In February 2025, Reinhart and his colleagues published a study that compared human and AI writing styles in an effort to identify some of the differences between them. To do so, they compiled 12,000 human texts from a variety of genres of 1,000 words or more, gave the first 500 words to a large language model, like ChatGPT and Meta’s chatbot Llama, and asked them to write the next 500 words.

They then studied the chatbots’ output to see if they could pick up on any patterns — and they found some good ones. Take vocabulary, for instance.

“ChatGPT in particular, loves words like ‘underscore’ and ‘intricate’ and ‘camaraderie’ and ‘tapestry,’ and use them more than 150 times more often than humans did,” Reinhart said. “One example we got from ChatGPT, it used ‘camaraderie’ 162 times more often than humans did and ‘palpable’ 95 times more often. And there is a sentence in our dataset where it said, ‘The camaraderie is palpable.’”

Reinhart and his co-authors also found grammatical differences — for instance, large language models tend to eschew the passive voice, but have a preference for certain tenses or verb forms.

“GPT 4.0, the previous version, really loves to use present participle, a grammatical feature, at something like five times more often than humans do,” Reinhart said.

Large language models also seem to prefer using slightly longer words than the average human. 

Reinhart’s study didn’t look at formatting or punctuation, but it has become widely accepted across the internet that other signs of AI writing include em dashes, frequent use of subheadings and bold-faced type, emojis, negative parallel structures, and more. 

The problem with using these hallmarks to identify AI writing, Reinhart says, is that large language models are changing all the time.
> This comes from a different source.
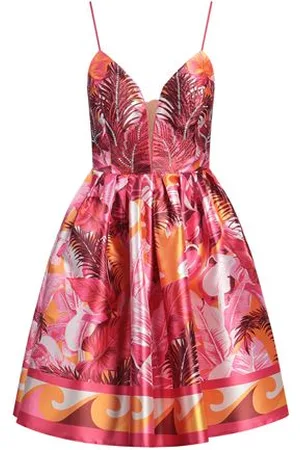 GAI MATTIOLO VESTIDOS - Minivestidos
He’s already found that some of the patterns he identified in past versions of ChatGPT have shrunk or disappeared in more recent versions — which means that all of the above aren’t reliable ways of detecting AI.

“It does feel like a race to keep up with all of the new models,” he said. “And there are so many companies and open source projects releasing models now that you can’t test them all and you can’t evaluate the style of every one.”

And chatbots aren’t the only ones adapting — humans are too.

Jenny Campbell, for instance, recently resorted to changing her writing style in order to cut down on the accusations. She stopped using em dashes after reading they’re a common hallmark of AI. She even began inserting mistakes into her writing, a move she calls “painful” — but necessary if she wants to avoid more attacks. 

“I’m getting tired of defending myself,” she said. “And I know I’m not the only one who’s been accused of being AI. I’ve been hearing a lot about it.”